6 Sing Away Ladies (Morrison/Duffy/Trad.)
If a folksong might be defined as a song with no definitive version then there can be no cover versions of it. Alternatively, all folk songs are cover versions. Both are valid positions. This version of the ‘Daddy-O’ template began when I played a wrong chord and the tune took an unexpected turn. It continued when Angeline suggested we rewrite the verses, locating the action in our shared homeland, Birmingham.
7 Dirty Armour (Nick Duffy)
It was a bit of a stretch, suggesting that reworking your own old material might count as a cover version, but it was a fundamental part of the creation myth that brought Side One into being. This track demonstrates a certain reluctance to let go of the idea.

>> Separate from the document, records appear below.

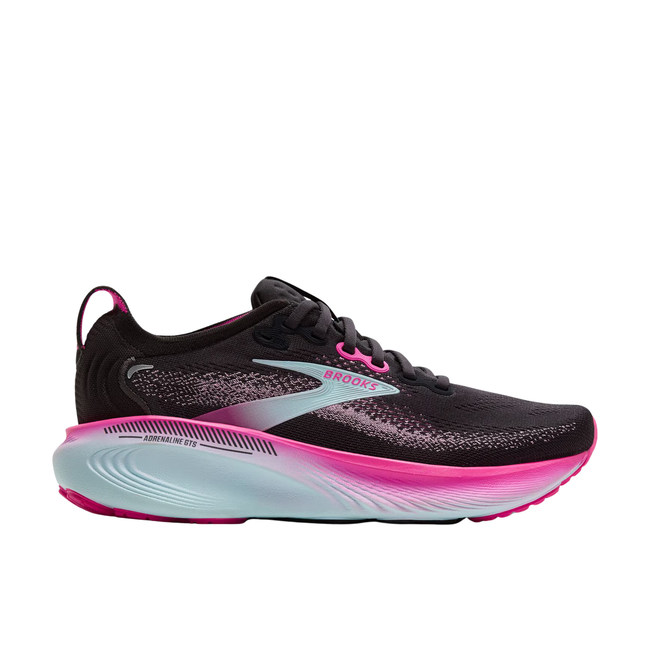 Side of Brooks Women's Adrenaline GTS 25 Running Shoe in Black and Cyber Pink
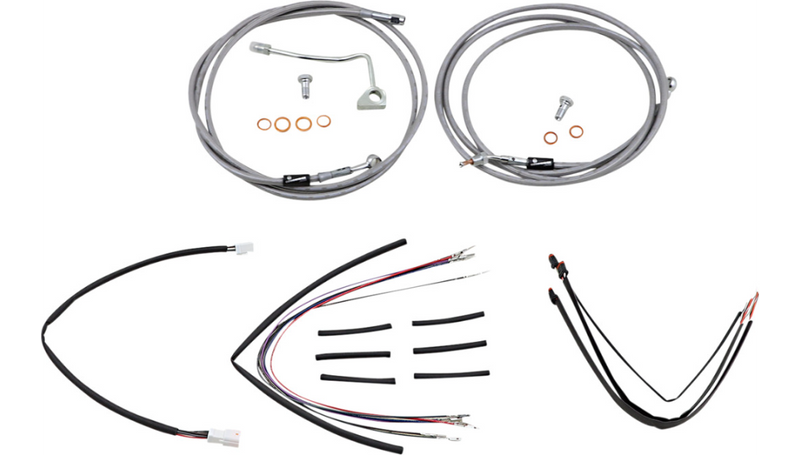 BURLY BRAND Handlebar Cable/Brake Line Kit - Complete - 18" Ape Hanger Handlebars - Stainless Steel - Road Glide '15-'16 - B30-1163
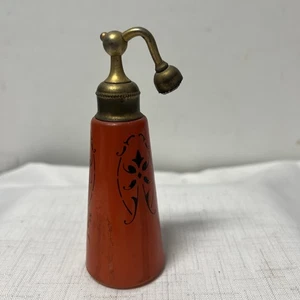 Botella atomizadora de perfume de vidrio vintage DeVilbiss roja Art Deco, alrededor de 1930’s. - Imagen 1 de 10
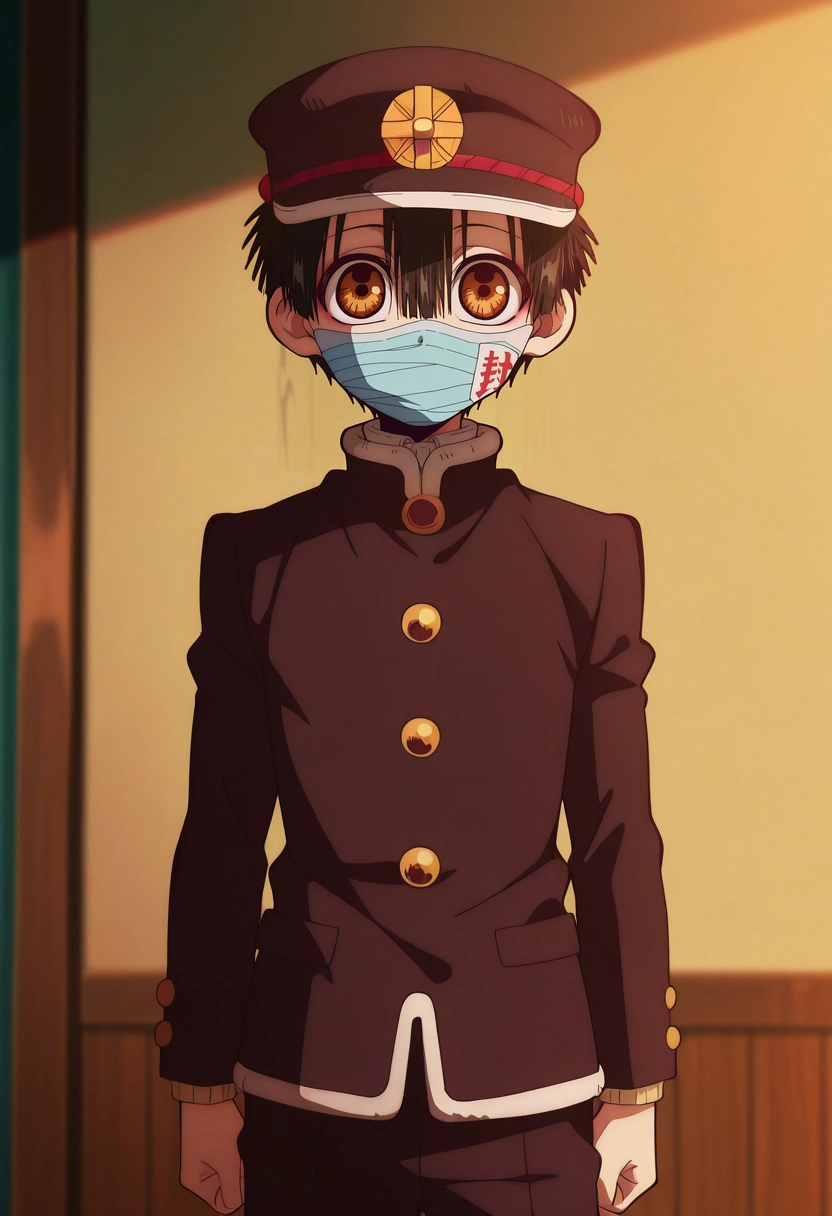 masterpiece, best quality, , anime screencap, anime coloring, official style, looking at viewer, 1boy, solo, male focus, <lora:hanako-kun_ilxl:0.96>, hanako-kun, black hair, brown eyes, short hair, hair between eyes, bangs, hat, black headwear, gakuran, , , Pleated trousers, Fleece pullover, , Balaclava,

8 Sail Away Ladies (Trad. Arr. Morrison/Duffy)
There’s the Lonnie Donegan version of ‘Don’t You Rock me Daddy-O’ and there’s another by The Vipers Skiffle Band, but it doesn’t stop there, not by the longest of chalks. Following Cecil Sharp’s practice of seeking out the many variants of a song rather than attempting to find the one true ‘original’ it soon became clear that this was a song with a long history and a multitude of different iterations. Many of them elbow Daddy-O out of the title, giving preference to the Ladies who sail or sing away. What began as an homage to skiffle was revealing hidden depths, deepest of them all being the glorious renderings of Sail Away Ladies by Odetta. Should we even attempt a version of a song that she had brought to perfection? I was hesitant, but Angeline thought otherwise. Odetta wouldn’t have wanted us to be put off, she insisted.
Simulacra was coming together nicely when I had a bicycle accident which kept me out of the recording studio for a while. It was at that point I decided to release what I’d done so far and call it Side One – as if it was an imaginary vinyl record with only an obverse face. A geometrical and physical impossibility, but a notion with some of the attributes of a zen koan.
Why it took more than two years to complete Side Two is not entirely clear, even to me, but here it is. Perhaps one day the two sides will be united in a single disc of actual vinyl. Preferably several hundred discs.
Although this has yet to happen, the titles of these half albums fell foul of the Apple Style Guide. It was this section that was the sticking point:
3.12. References to Physical or Digital Content or Content Not Included. Titles must not include explanatory terms that refer to the digital or physical format of the content.
A compromise had to be reached. Side One and Side Two are henceforward to be known simply as ‘One’ and ‘Two.’